Stock markets around the world fell on Thursday as investors faced the prospect of sustained high inflation and much higher borrowing costs to fight it.
The Toronto Stock Exchange fell nearly 600 points, or about three percent at noon, with each sector of Canada’s benchmark stock market falling during the day.
Shares of Ottawa-based e-commerce giant Shopify were down, losing 16% of their value during the day. The company, which is reported in US dollars, announced before the opening of the markets that it lost $ 1.5 billion in the first quarter. This is a reversal of profits of $ 1.3 billion in the same period a year ago.
At one point in the pandemic, Shopify was Canada’s most valuable company worth more than $ 200 billion. Today it costs about a quarter of this peak.
The sell-off was worse in New York, with the Dow Jones Industrial Average down 1,100 points or more than 3% and the tech Nasdaq performing worst of all, at 600 points or more than 5%.
Technology stocks are most affected
Former high-tech stocks such as Apple, Microsoft, Amazon, Google and Tesla fell between four and seven percent during the day.
The gloom came after the US Federal Reserve’s decision to raise its interest rate on Wednesday, its biggest one-time rise in 22 years.
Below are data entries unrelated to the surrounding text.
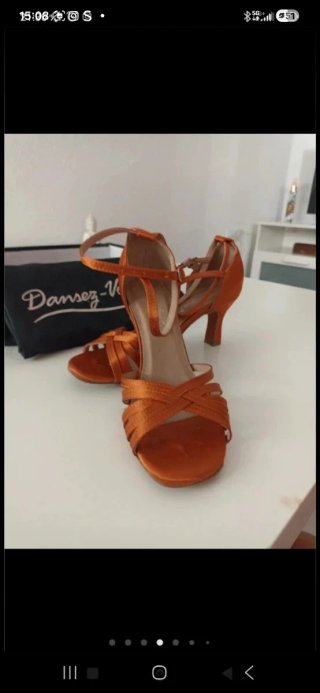 Zapatos de salón naranjas
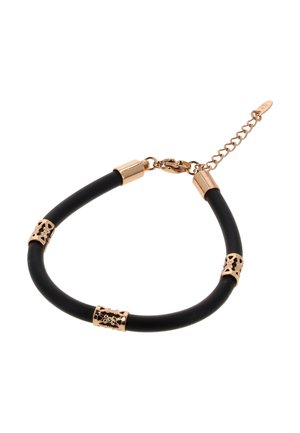 Brățară neagră din cauciuc cu trei accente din filigran auriu și o încuietoare cu lanț auriu pentru ajustarea mărimii.
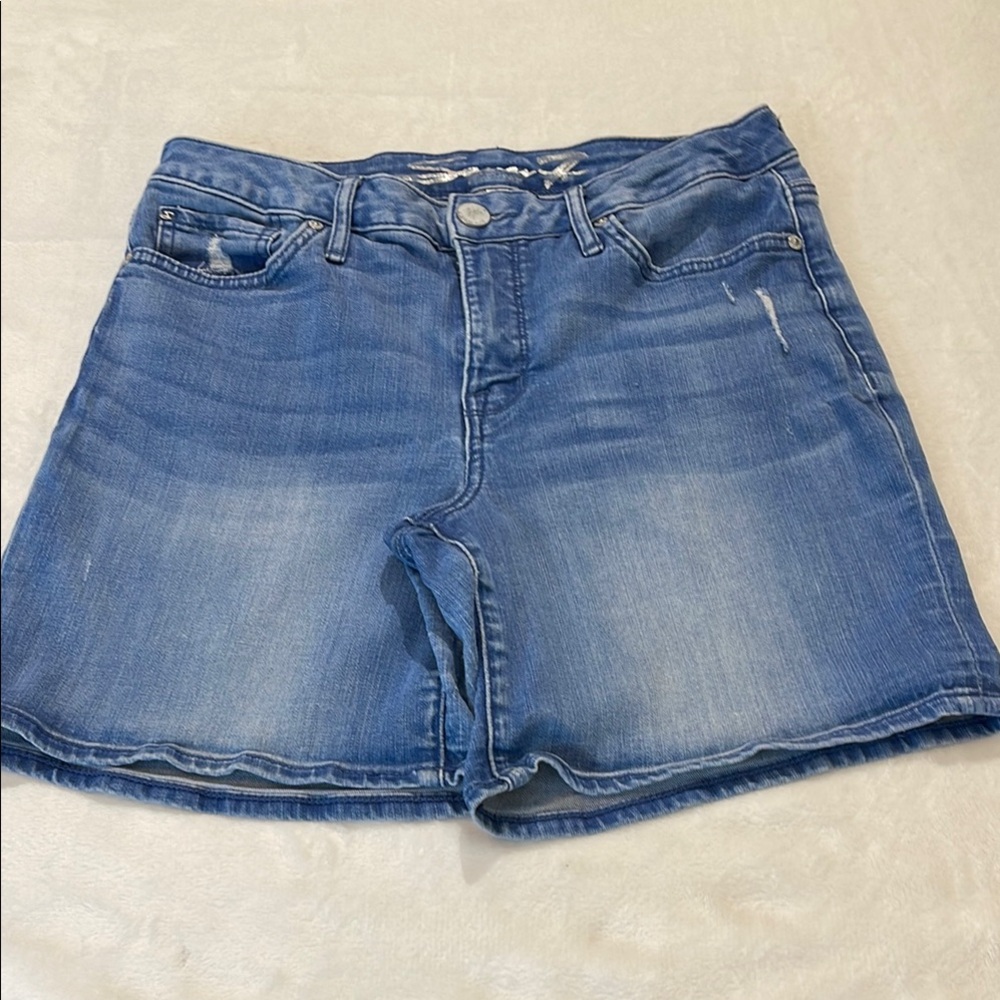 SEVEN 7 SIZE 8 Denim Blue Women's Shorts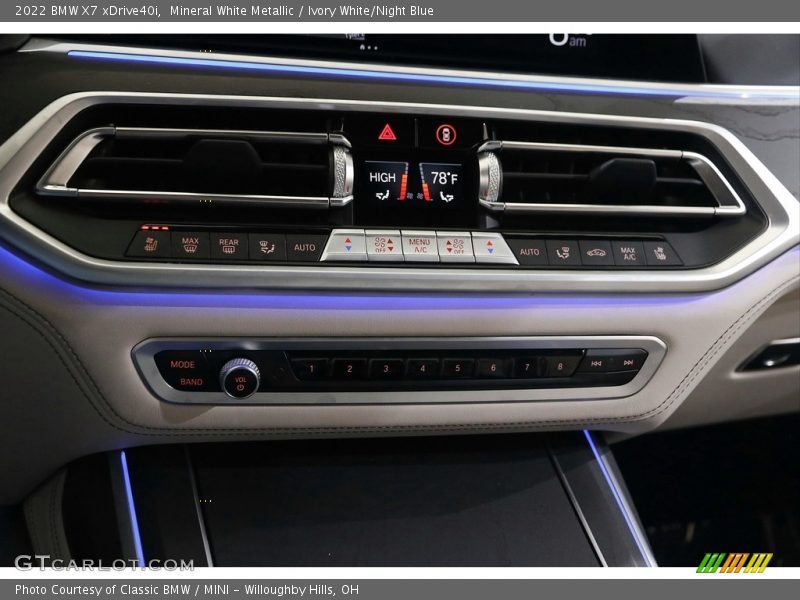 Mineral White Metallic / Ivory White/Night Blue 2022 BMW X7 xDrive40i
This will increase the price of loans, which is bad news for companies and equity investors who want to buy them. The Bank of England also raised interest rates on loans on Thursday, warning of impending “stagflation” as the economy copes with high inflation but slow growth.
John Zechner, chairman of Toronto-based investment firm J Zechner Associates, says the sell-off is happening because investors are realizing that interest rates on loans will have to be much more expensive and fast to keep inflation under control.
“The blow is receding,” he said in an interview Friday. “Free money has supported this bullish market effectively for the last 12 years, and we are probably seeing the most aggressive move away from free money we’ve seen in over 20 years.”
“The only way to curb inflation is to try to slow growth or tighten the economy a little,” Zehner said, “and one of the victims is the stock market.”
The value of bitcoin, which is trumpeted as a hedge against inflation, fell along with everything else, losing $ 3,000 to change hands under $ 37,000 US. This is the lowest point for the largest cryptocurrency in the world since January.